Kenya's foreign exchange reserves plummet as shilling hits new low

Kenya's foreign exchange reserves experienced a decline of 112 million U.S. dollars this week, adding pressure on the local currency, the shilling, which reached a historic low of 147 to the dollar, the Central Bank of Kenya said in its update on the financial markets issued on Friday.

The reserves, as per the apex bank, amounted to 6.95 billion dollars at the week's end, equivalent to 3.76 months of import cover, marking a decrease from the previous week's figure of 7.06 billion dollars.

The shilling concluded the week at 147.36 against the dollar, marking a historic low, according to the bank. Over the past year, the local currency has witnessed a 22 percent decline against the dollar, and the Central Bank has faced challenges in stabilizing it due to dwindling forex reserves.

Nevertheless, the bank emphasized that despite the decrease, the foreign exchange reserves continue to be adequate for covering the country's import needs and supporting the local currency. "The reserves meet the statutory requirement to endeavor to maintain at least four months of import cover," said the apex bank.

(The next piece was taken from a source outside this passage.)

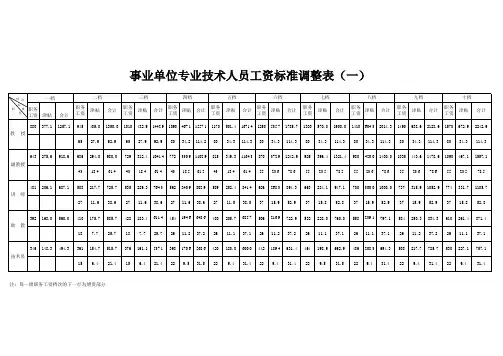 事业单位专业技术人员工资标准调整表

On Sept. 14, the bank issued an order to firms remitting money abroad, limiting them to selling no more than 100,000 dollars to individual buyers per day unless they transact through commercial banks, a measure aimed at protecting the reserves.

Central Bank Governor Kamau Thugge attributed the shilling's decline and the decrease in reserves, in part, to the increase in benchmark interest rates in the United States.